**What you should do**
Return the complete listing exactly as it reads, with each picture removed.

**Information shown**

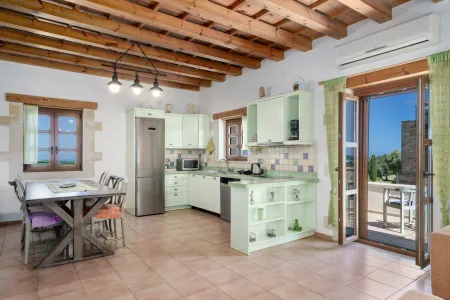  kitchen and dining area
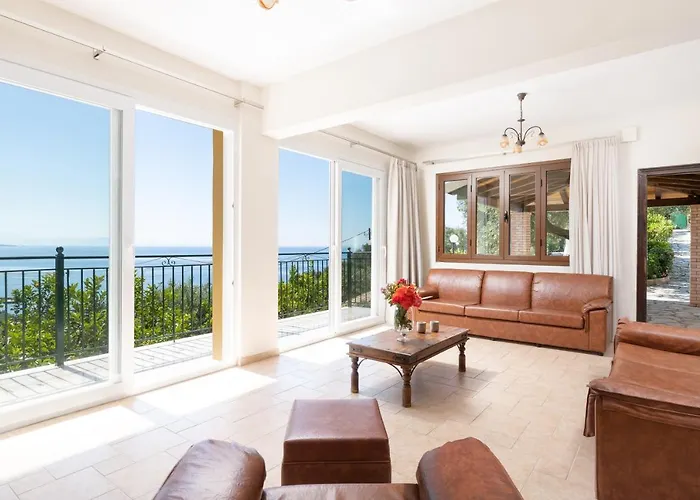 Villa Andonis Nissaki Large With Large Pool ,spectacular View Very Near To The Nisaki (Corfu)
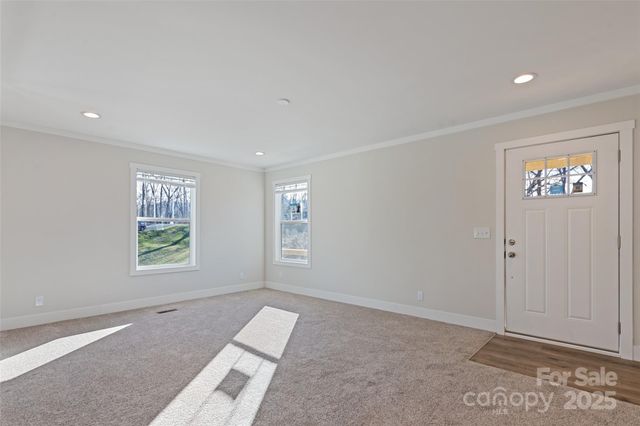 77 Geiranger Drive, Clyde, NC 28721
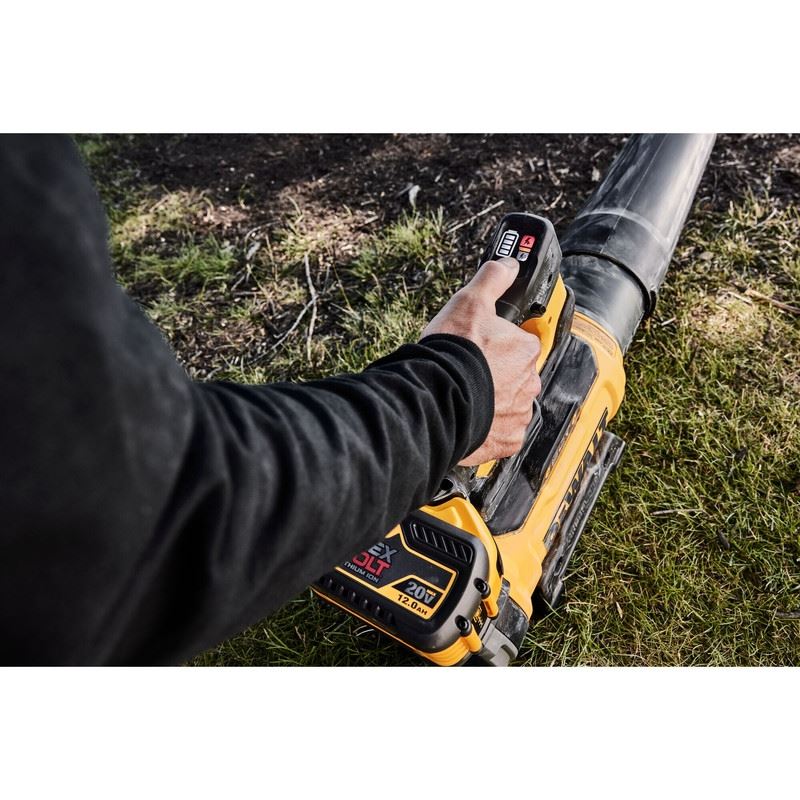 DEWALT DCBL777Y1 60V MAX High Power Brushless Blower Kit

**Exercise result**
  kitchen and dining area
 Villa Andonis Nissaki Large With Large Pool ,spectacular View Very Near To The Nisaki (Corfu)
 77 Geiranger Drive, Clyde, NC 28721
 DEWALT DCBL777Y1 60V MAX High Power Brushless Blower Kit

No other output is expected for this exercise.